What kind of logic does AI service work on? Why is collecting high-quality data important? What is the difference between natural language processing and image processing? ... We often hear that artificial intelligence is important, but it is difficult to find explanations for things we are curious about. Even if you search the Internet, the content is scattered and the complicated explanations make it difficult to understand.
The lecture, “First Steps in Artificial Intelligence without Math,” is a lecture that gathers fragmented concepts about artificial intelligence and deep learning as a kind of introduction. While excluding complex mathematics as much as possible, it helps you build prior knowledge through easy-to-understand explanations and light-challenging deep learning exercises. Were you curious about AI but didn’t know where to start and how to learn it? I hope this lecture can be a good start for you.

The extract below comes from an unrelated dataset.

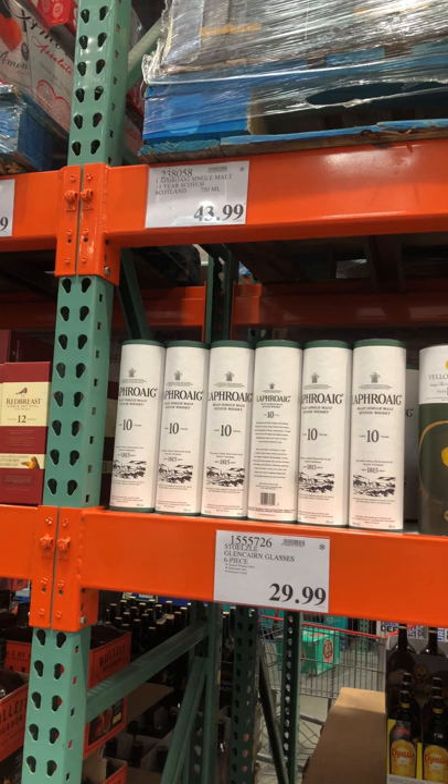Another good one I see here is the Laphroaig, which is a pretty good whiskey. It's a good stand-in for Lagavulin, which has had a pretty acute shortage over the last couple of months. If you can find Lagavulin, get as much as you can, but if you can't, Laphroaig is also a good stand-in. It has that peaty smokiness that a lot of folks really like, including myself.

If you are interested in the lecture, be sure to watch the [Lecture Overview] video that was released as a preview! 🙂
Recommended for these people
Who is this course right for?
For those who are planning an AI service but feel lost and don't know where to start.
People who wanted to study AI but gave up because of math.
For those curious about how AI actually learns from data.
For those who want someone to summarize AI all at once.
It's very helpful because it's explained in a way that even non-majors can understand! The content and materials are very clean. I'm now able to see a better picture of how to apply artificial intelligence, which I was only vaguely interested in, to my work!